Find the line below with "IA license plate DRW697". Print it and every line after it exactly, through the last line, leaving out the pictures.

━━━━━━━━

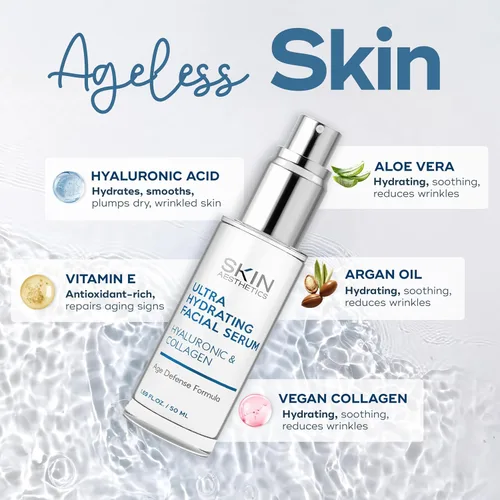 Vista 4 de Suero de ácido hialurónico para cara, probado por dermatólogos, con colágeno para antienvejecimiento, ultra hidratante, líneas finas, arrugas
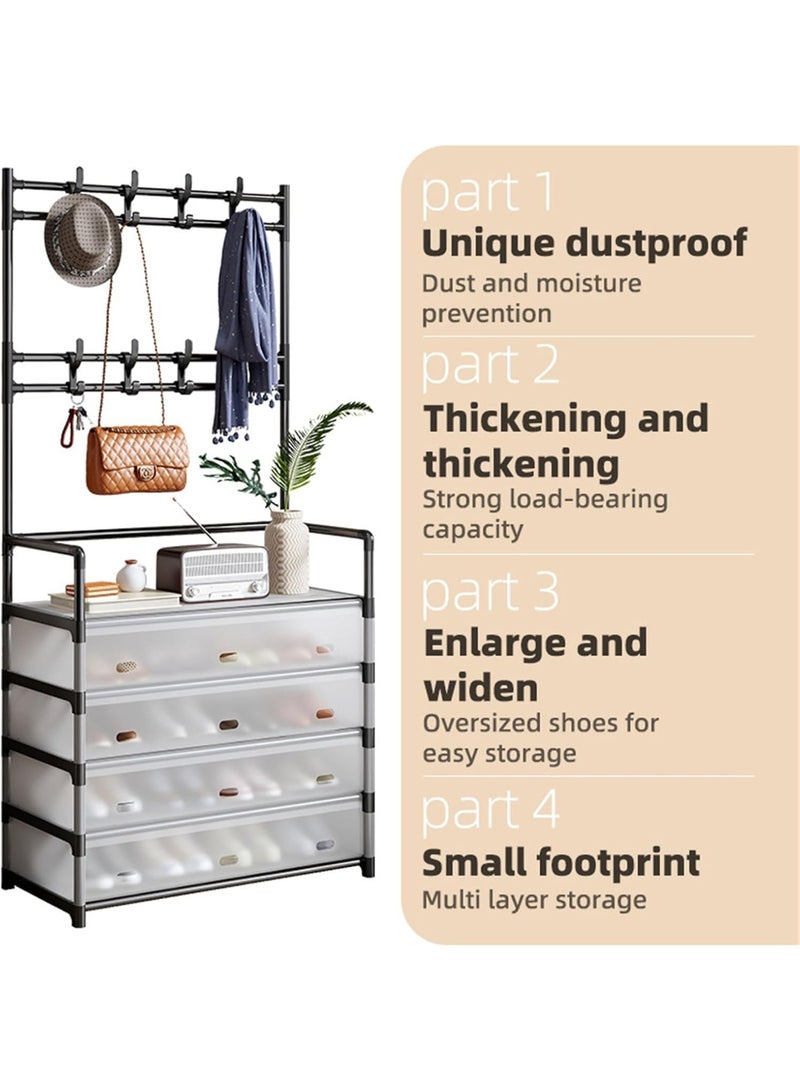 BLOOMING TIME 5-Layer Multi‑Function Entryway Hall Tree Organizer, 8 Coat Hooks, Shoe Shelves & Drawer – Sturdy Freestanding Storage for Entryway, Mudroom & Bedroom - Image 5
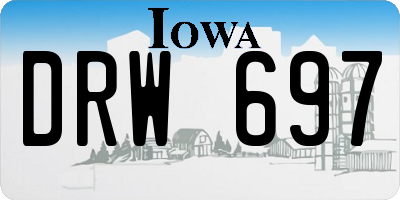 IA license plate DRW697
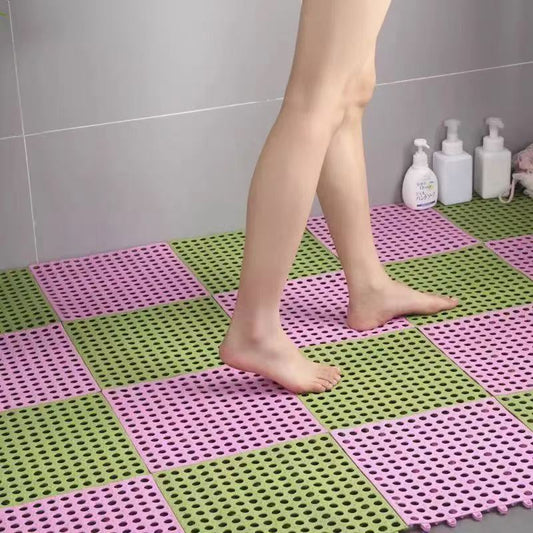 Green And Pink DIY Interlocking Non-Slip Floor Tiles - 12-Pack PVC Drainage Mat for Shower & Bathroom Safety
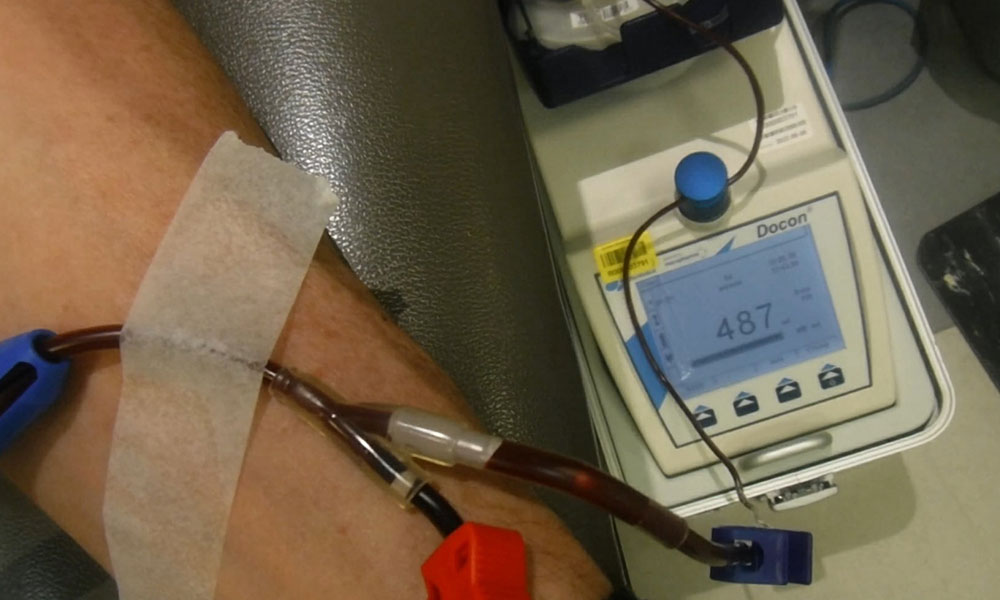 A person donating blood
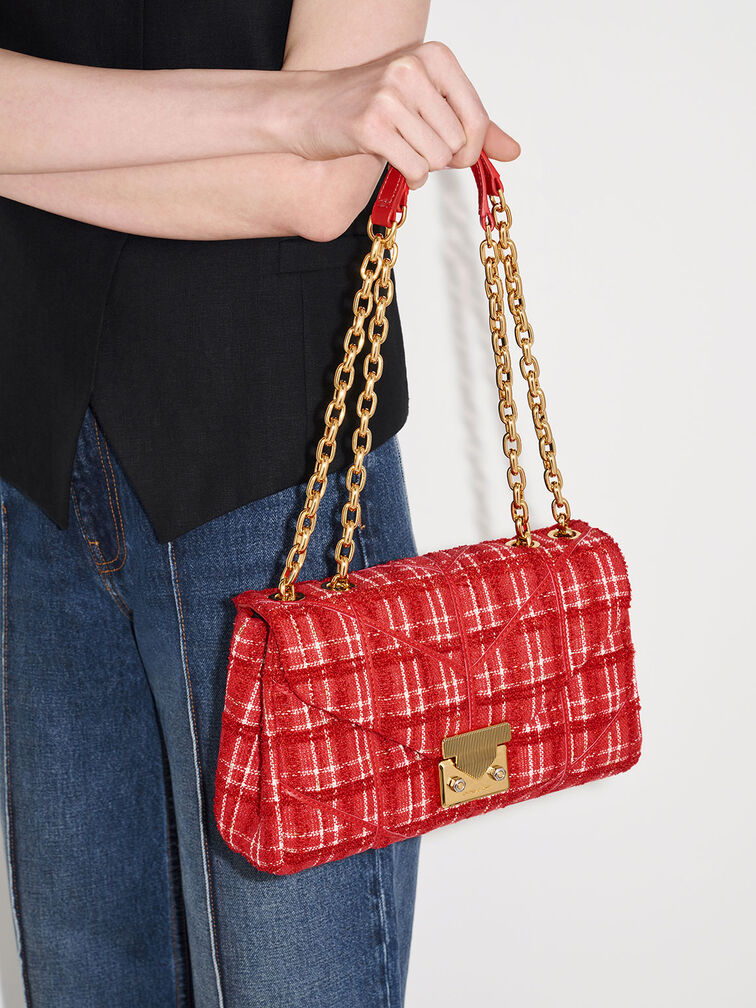 Eudora Tweed Trapeze Bag, Red, hi-res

━━━━━━━━

● Response area
 IA license plate DRW697
 Green And Pink DIY Interlocking Non-Slip Floor Tiles - 12-Pack PVC Drainage Mat for Shower & Bathroom Safety
 A person donating blood
 Eudora Tweed Trapeze Bag, Red, hi-res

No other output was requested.